Why Real-Time Machine Learning will be the Buzzword of 2023

Published in

Geek Culture

6 min readFeb 2, 2023

Real-time Machine Learning… Expect to hear this buzzword a lot in 2023 and beyond because it has the potential to unlock a huge amount of value for different types of businesses. But how can you be sure the system you’re building will achieve your objectives? Are you setting it up in the right way to maximize click-through and engagement? To help answer those questions, we’ve brought together all the essentials you need to know in one easy-to-digest post! While we’ll use a social network in our examples, what we’re going to outline applies to all products — from FinTech to FitnessTech!

The time-based anatomy of Machine Learning systems — featuring cats and dogs

So, of course, you already know what Machine Learning is, that it’s an area of Artificial Intelligence (AI) and computer science that combines data and algorithms to imitate how people learn, so that the resulting model becomes more and more accurate over time. You’ll probably also be aware of real-time Machine Learning, where the model is updated in real-time based on live data, to continuously improve the results. Sounds great, doesn’t it? And it is. But to achieve the results you want, you need to make sure it’s set up the right way.

That means ensuring a successful sequence of events. So, you start with collecting the data, training your model on that data, then using it to make predictions as the user interacts with your app.

For example, let’s say that the long-term data shows that users who like a post about cats are highly likely to like a post about dogs. As the user goes into the app and likes a post about cats, the Machine Learning model will recommend serving them a post about dogs.

Let’s pause briefly and look at what happens when only a batch Machine Learning model is used instead. Continuing with our cats and dogs example, the batch system will calculate all the posts the user should see upfront, based on their previous interactions. So, if they haven’t liked a cat post yet, they won’t see a post about dogs. Unlike the real-time system which uses the batch-trained data but can also take into account the real-time data — i.e., that the user has just (in the same session) liked a cat post — and then show them a dog post to maximise engagement!
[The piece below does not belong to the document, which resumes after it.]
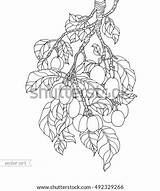 Plum Tree Coloring Template sketch template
If the system cannot respond in real-time, you are “leaving engagement on the table”, as new information about the user isn’t being used during the same session. Compare a LinkedIn feed (pre-created when you log in) to a TikTok feed that calculates the best next video for the user, based on their interaction with the current one. Without real-time Machine Learning, the potential results — and levels of engagement — are much poorer. And your cat- and dog-loving users are less likely to stick around!

Powering up engagement

Let’s get into more detail. In brief, real-time Machine Learning covers:

Input data: long (30+ days’ user history) and short-term (session)
Model training: uses just long-term data (or sometimes all data)
Inference: turns long and/or short-term data into a prediction

So, for a social platform, these predictions can power a personalized feed with follow recommendations, “content you missed” emails — and much more.
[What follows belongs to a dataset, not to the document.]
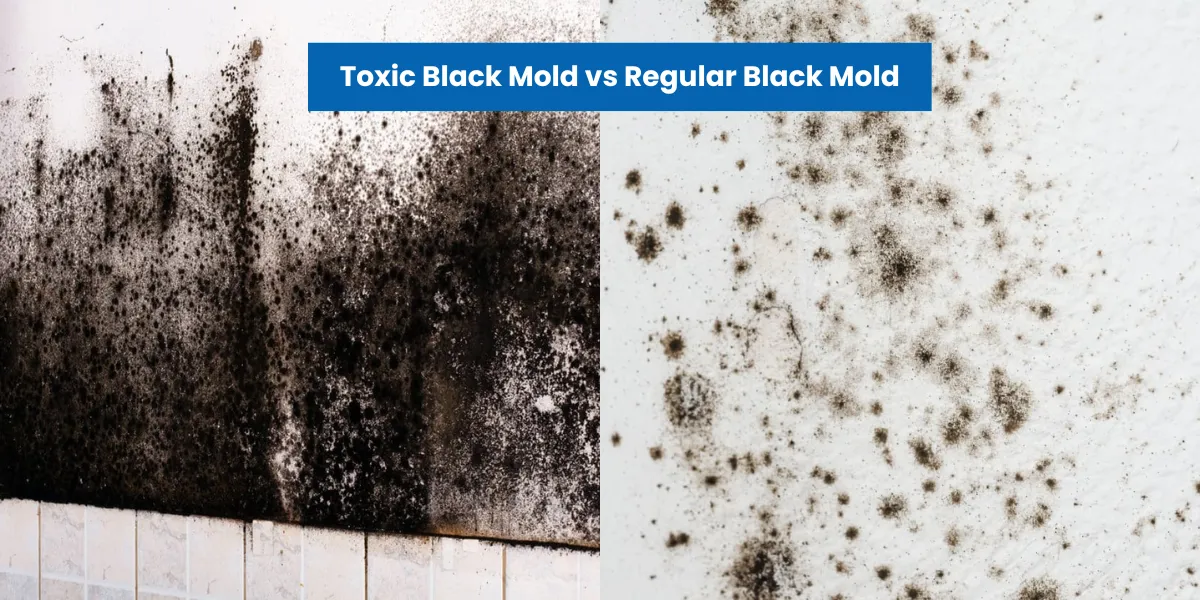 Toxic Black Mold vs Regular Black Mold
For your own product, think of all the touch-points you have with your users or customers — and the value of higher click-through rates!

Inference models

Next, we look at how to transform all that lovely data into valuable predictions. The inference, which, as outlined above in point 3️, turns the data into a prediction, usually involves two types of models:

Retrieval model

This model starts off the inference by generating candidates quickly, for example, a neighbour search in vector embeddings. You can use Redis, Pinecone or another vector database for this.

Ranking model

This model completes the inference by re-ordering the candidates to maximize an objective — e.g., a model that predicts the read-through rate for articles.
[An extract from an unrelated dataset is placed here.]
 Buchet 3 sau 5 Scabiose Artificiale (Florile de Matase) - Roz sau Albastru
Bonus tip: Select the right retrieval and ranking strategies by tracking their results for each user, switching to the best performers automatically. The formal tech term for this is a “Multi-Armed Bandit”!

Getting to the next level with real-time Machine Learning systems

The next step is to understand the different levels of how real-time your Machine Learning system is and how this can impact your results. These are:

1. Batch inference

At this level, you can run a daily pipeline that produces “follow” recommendations for all your users. Doing that all at once is efficient and can be easier to evaluate. However, if many of those users don’t actually show up, you are performing a lot of expensive and useless computation.

2. Real-time inference

Instead of producing follow recommendations for *all* your users in a batch pipeline, you just use the batch pipeline to create a summary of your data. Then when the user visits your app, you use this summary and long term behaviour of the specific user to calculate the “follow” recommendation right in that moment. Suddenly, the latency and availability of your inference server matters!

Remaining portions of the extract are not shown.